Топография изменилась совсем немного. Горы на севере казались выше и круче, и Кьюджел не смог увидеть путь, по которому пришел (точнее, по которому придет). На месте проекта Фарезма рос лес из деревьев с легкой пушистой светло-зеленой листвой, на ветвях висели гроздья красных ягод. Долина была такой же, но реки текли по другим руслам и на различном удалении видны были три больших города. От долины поднимался незнакомый терпкий запах, смешанный с запахами плесени и затхлости, и Кьюджелу казалось, что в воздухе висит какая-то печаль; в сущности он решил, что слышит музыку — медлительную грустную мелодию, такую печальную, что на глаза наворачивались слезы. Он поискал источник этой музыки, но музыка уже прекратилась, растворилась в воздухе, и только когда он перестал прислушиваться, она вернулась.
Впервые Кьюджел взглянул на утесы, вздымавшиеся на западе, и на этот раз ощущение deja-vu стало еще сильнее. Кьюджел удивленно потянул себя за подбородок. Через миллион лет он вторично увидит эти утесы, значит, сейчас он их видит в первый раз. Но это также и второй раз, потому что он хорошо помнит предыдущую встречу с холмами. С другой стороны, нельзя нарушать логику времени, и в соответствии с этой логикой все-таки нынешний взгляд на утесы — первый. Парадокс, подумал Кьюджел, трудная задача! Но что вызывало это странное чувство знакомости, которое он ощутил в обоих случаях?
… Кьюджел отказался от этой темы как не сулящей никакой выгоды и уже начал поворачиваться, когда его взгляд уловил какое-то движение. Он снова взглянул на утесы, и воздух вдруг заполнился уже слышанной им музыкой — музыкой боли и экзальтированного отчаяния. Кьюджел смотрел в удивлении. Большое крылатое существо в белом пролетело в воздухе над утесами. Крылья у него огромные, с ребрами из черного хитина, соединенными серой перепонкой. Кьюджел в благоговейном страхе следил, как оно исчезло в пещере высоко в одном из утесов.

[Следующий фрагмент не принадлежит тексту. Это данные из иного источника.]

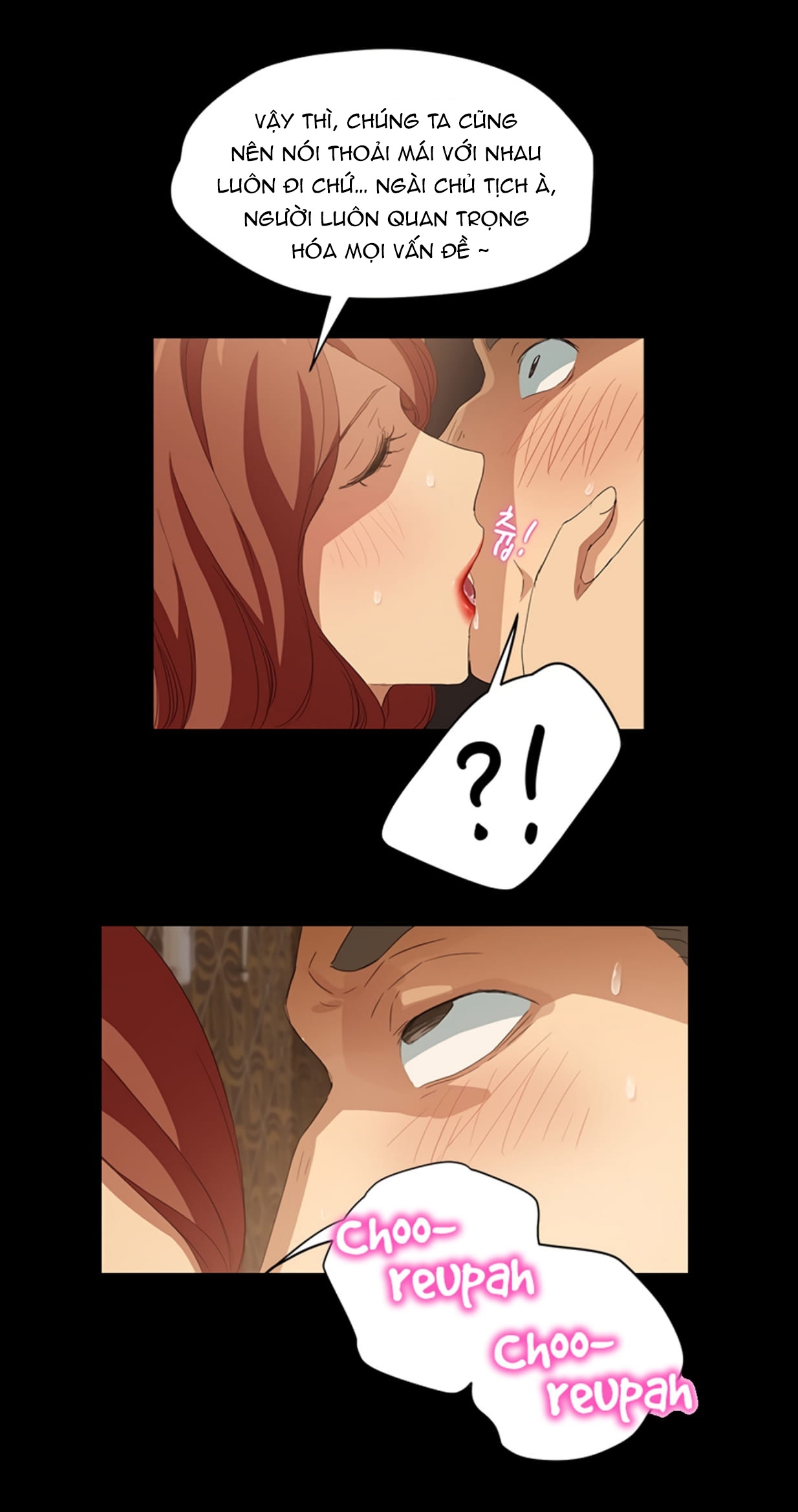 Đọc truyện hentai Mẹ Kế - Chap 21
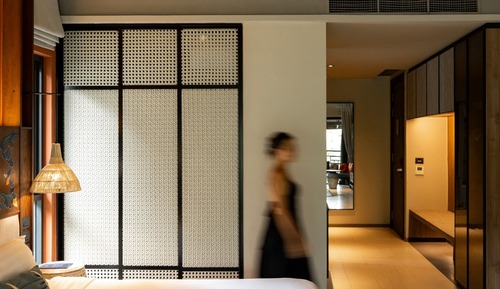 Deluxe Room, 1 King Bed
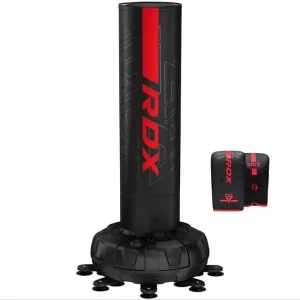 Freestanding Heavy Boxing Sandbag with Suction Cups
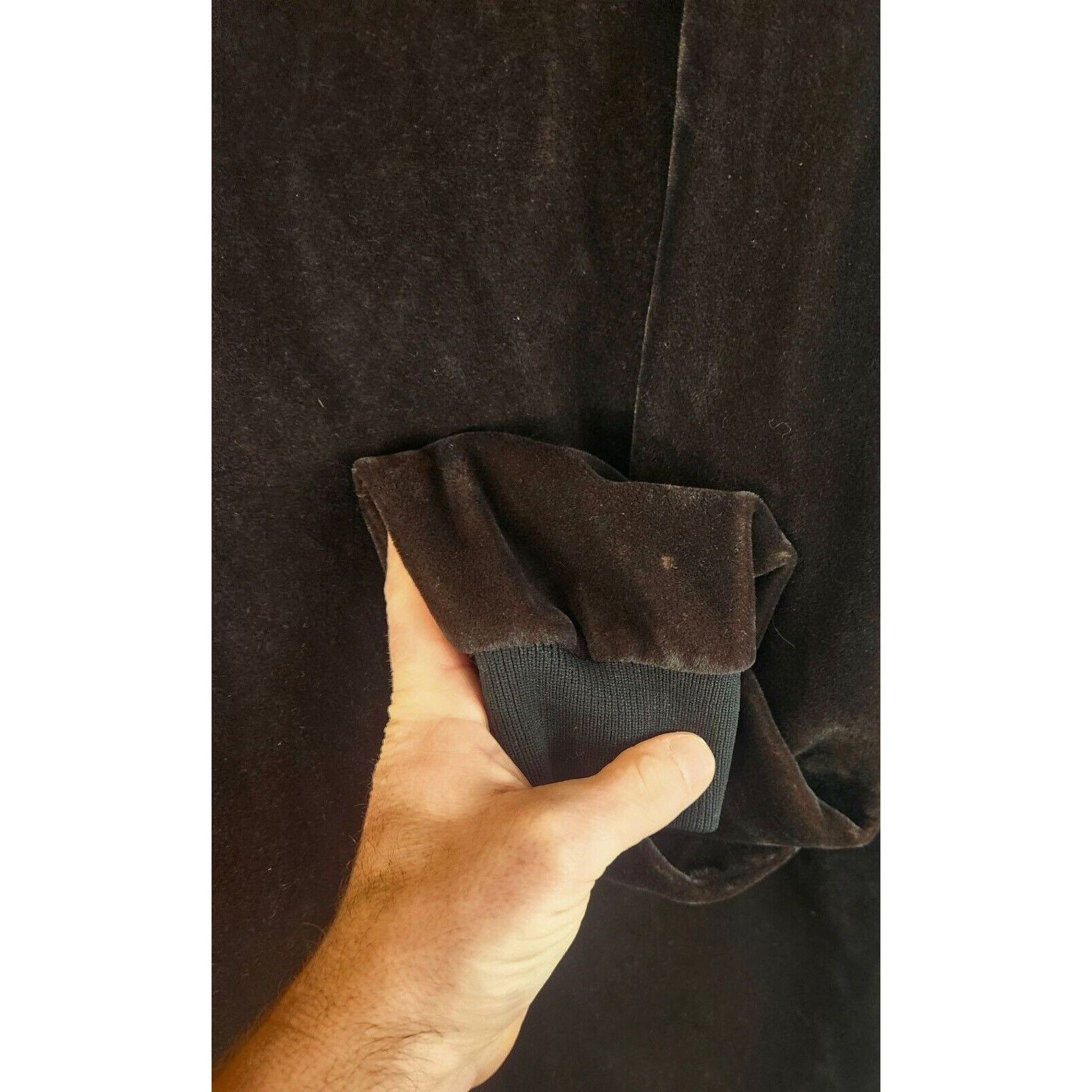 Carhartt Vintage Made in USA Carhartt velour jacket men's large Size US L / EU 52-54 / 3 - 9 Thumbnail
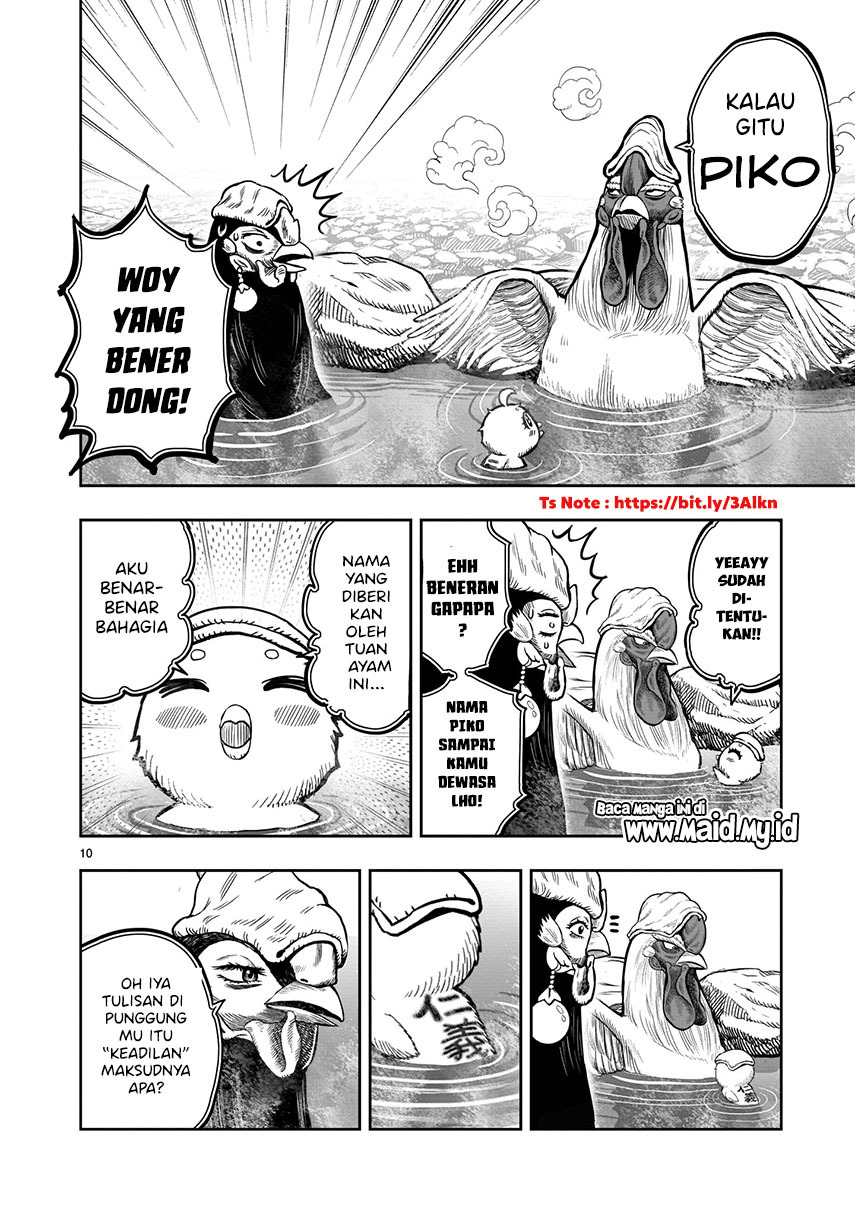 Rooster Fighter Chapter 08 Gambar 12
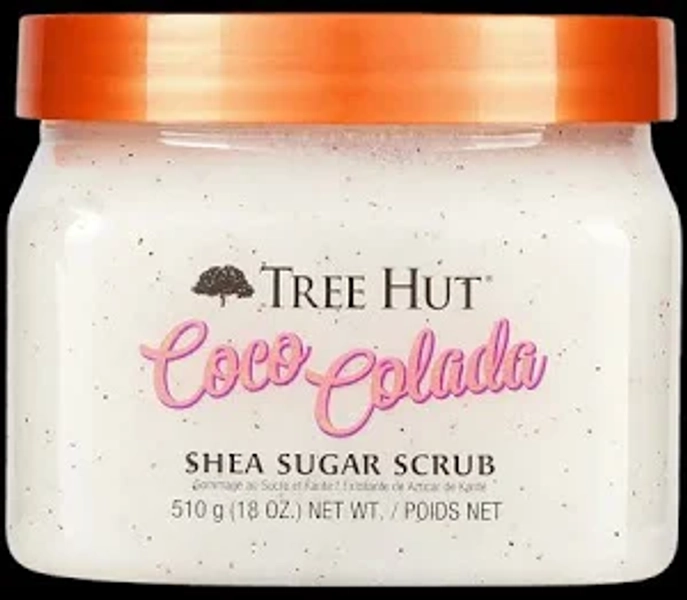 Tree Hut Coco Colada Shea Sugar Scrub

Прозвенел гонг; откуда он звонит, Кьюджел не смог определить. Отголоски дрожали в воздухе; когда они стихли, неслышная музыка снова стала почти ощутимой. Из долины появилось крылатое существо, оно несло человека, возраст и пол которого на расстоянии Кьюджел не смог определить. Существо повисло над утесами и выпустило свою ношу. Кьюджелу показалось, что он слышит слабый крик, музыка звучала печально, величественно, благородно. Тело, казалось, медленно падает с большой высоты; но вот оно ударилось о землю у основания холмов. Крылатое существо, выронив человека, скользнуло на утес, сложило крылья и стояло, как часовой, глядя на долину.
Кьюджел спрятался за скалой. Заметили ли его? Он не знал. Глубоко вздохнул. Этот печальный золотой мир прошлого ему не нравится; чем скорее он отсюда уберется, тем лучше. Он осмотрел кольцо, которым снабдил его Фарезм, но камень был тусклым, как стекло, никакие искорки не указывали направление к ВСЕОБЩНОСТИ. Этого Кьюджел и боялся. Фарезм ошибся в своих расчетах, и Кьюджел никогда не сможет вернуться в свое время.
Хлопанье крыльев заставило его взглянуть в небо. Он снова прижался в укрытии за скалой. Печальная музыка удалилась, крылатое существо пролетело на фоне солнца и бросило свою жертву к подножию утесов. Затем с хлопаньем крыльев приземлилось на выступе и вошло в пещеру. Кьюджел встал и, пригнувшись, побежал по тропе в янтарных сумерках.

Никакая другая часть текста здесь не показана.